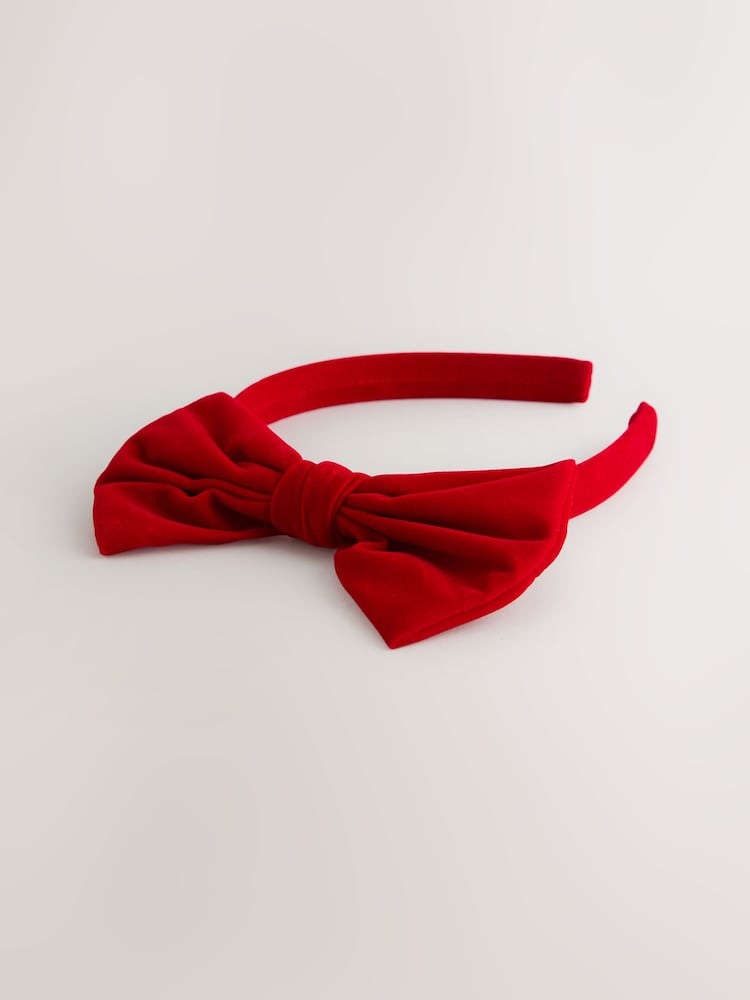 Red Velvet Bow Aliceband - Image 1 of 3 Red Velvet Bow Aliceband - Image 1 of 3
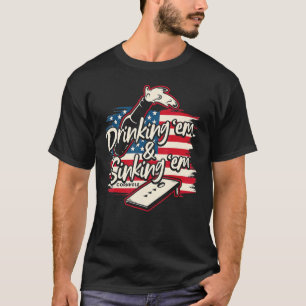 Cornhole  For Men Drinking Em Sinking Em 4th Of Ju T-Shirt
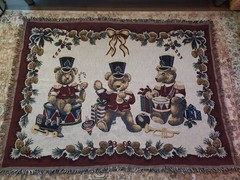 Vtg Wesley Mancini Dakotah Tapestry Throw Christmas TEDDY BEAR BAND 54″X 7″USA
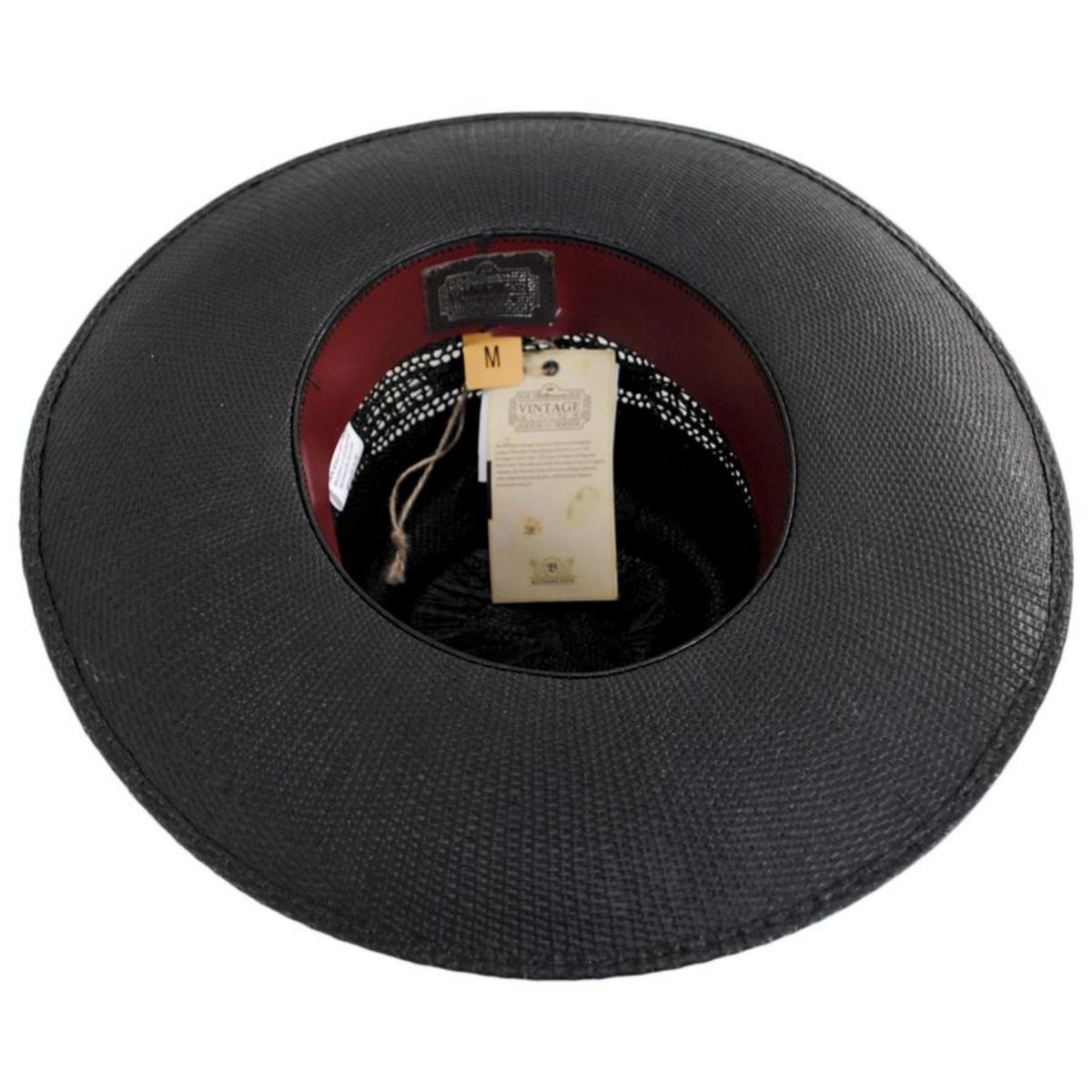 Biltmore | V.C. Spade Bangora Straw Fedora Hat | 127586 | under | BLACK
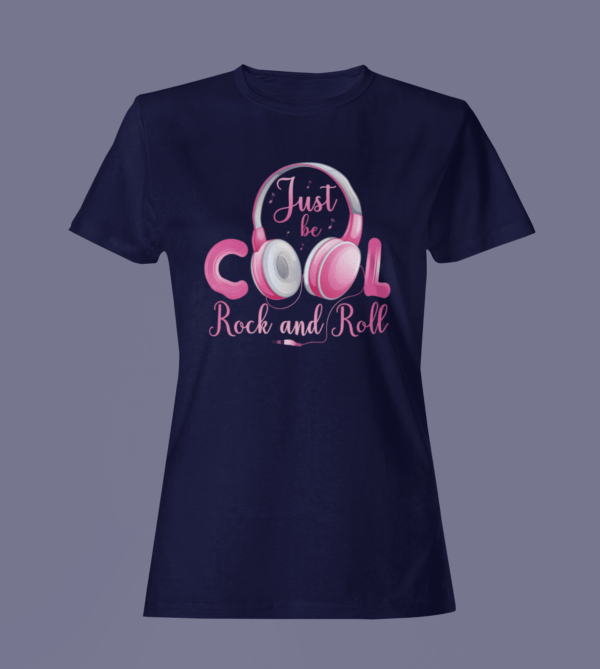 Navy Blue Women’s Premium Quality Round Neck Half Sleeve Just Be Cool Printed Tees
--------------------
Assigned task: Retype every entry above exactly and, please, skip the pictures.

Exercise solution:
 Red Velvet Bow Aliceband - Image 1 of 3 Red Velvet Bow Aliceband - Image 1 of 3
 Cornhole  For Men Drinking Em Sinking Em 4th Of Ju T-Shirt
 Vtg Wesley Mancini Dakotah Tapestry Throw Christmas TEDDY BEAR BAND 54″X 7″USA
 Biltmore | V.C. Spade Bangora Straw Fedora Hat | 127586 | under | BLACK
 Navy Blue Women’s Premium Quality Round Neck Half Sleeve Just Be Cool Printed Tees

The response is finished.